Ini Tentang Buaya, “Buaya Darat” Dan Alat Vital Buaya Yang Selalu Ereksi (Bagian I)

Opini

Buaya yang bersahabat dengan manusia (dream.co.id)

Akhir September 2021 di Sulawesi, tepatnya di Provinsi Sulawesi Barat (Sulbar), Kabupaten Pasangkayu sedikit riuh oleh kenampakan seekor buaya yang berenang di seputaran Pantai Vova Sanggayu. Beberapa hari kemudian, seekor buaya berkeliaran di seputara Bundaran Smart, Kota Pasangkayu. Lalu sebuah fragmen semi berita di kanal https://lenterasulawesi.com/ini-di-kota-pasangkayu-ada-buaya-buaya-naik-ke-darat/. Itu lalu direspon rame-rame oleh masyarakat pengguna Sosial Media (Sosmed). Mereka berdiskusi di dunia maya (dumay) itu soal buaya yang dan juga soal buaya ideasional, “buaya darat.”

Lalu teringat pula, pada Bulan September 2006 silam, Steve Irwin  yang digelar sebagai “The Crocodile Hunter,” tutup usia. Namun pakar buaya penyiar Discovery Channel  meninggal dunia bukan karena terkemana buaya melainkan oleh sengatan ikan pari yang menusuk jantungnya. Dus, kita kembali ke buaya, lenterasulawesi.com , membaca dan berselancar untuk menuliskan buaya – buaya berikut ini.

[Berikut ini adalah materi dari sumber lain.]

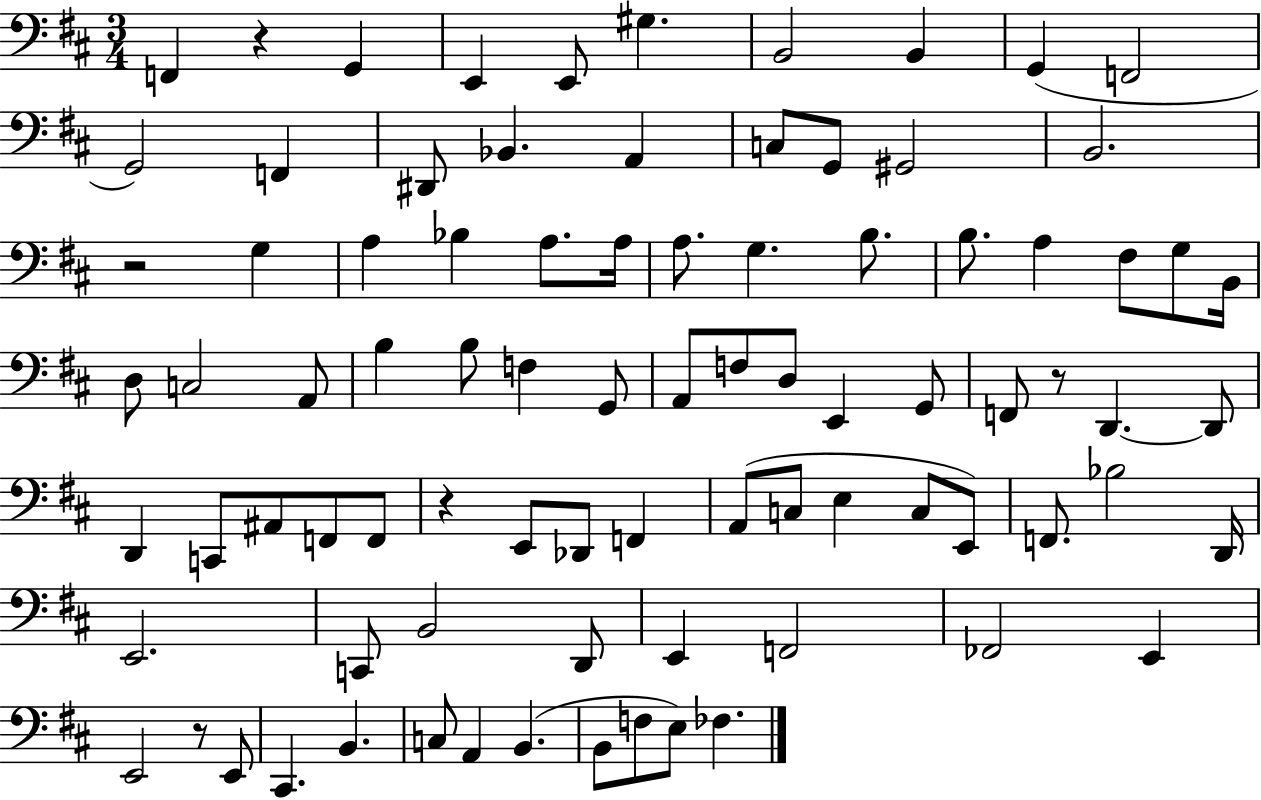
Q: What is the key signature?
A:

Benarkah Manusia Bisa Punya Kembaran Buaya

Di Pulau Sulawesi, dalam kebudayaan masyarakatnya, buaya sudah dalam dikenal. Bahkan binatang buas melata yang bernama latin Crocodilynae  ini disebut-sebut  menjadi bagian dari kehidupan manusia. Khusus untuk masyarakat di Provinsi Sulawesi Selatan (Sulsel) dan Provinsi Sulbar, buaya itu dianggap sebagai kembaran manusia.

Buaya melotot (istimewa)

Mengutif dari detik.com  bahwa menghormati buaya dan memperlakukannya layaknya manusia bukanlah hal baru bagi masyarakat Sulsel khususnya masyarakat Bugis-Makassar. Jauh sebelum ajaran Islam masuk ke Sulsel, sebagian besar masyarakat Bugis Makassar yakin dan percaya dengan mitologi, setiap manusia yang lahir memiliki kembaran seekor buaya.

Detik tuliskan, menurut Guru Besar Fakultas Ilmu Budaya Universitas Hasanuddin (Unhas) Prof Dr Nurhayati Rahman, kepercayaan manusia memiliki kembaran buaya bagi masyarakat Bugis-Makassar juga tertuang dalam kitab sastra Bugis kuno, Lagaligo.

Nurhayati urai, kalau dalam Buku Lagaligo ada dijelaskan pandangan kosmogoni, bahwa orang Bugis memandang alam raya ini terdiri dari tiga lapis. Yaitu dunia di atas (langit) atau yang disebut Botting Langi dihuni oleh para dewa dan dewi. Lalu kemudian dunia di bawah laut dia sebut dengan Buri Liung, yang juga dihuni oleh dewa-dewi. Pertemuan antara dewi dari Botting Langi dan dewa di Buri Liung melahirkan manusia.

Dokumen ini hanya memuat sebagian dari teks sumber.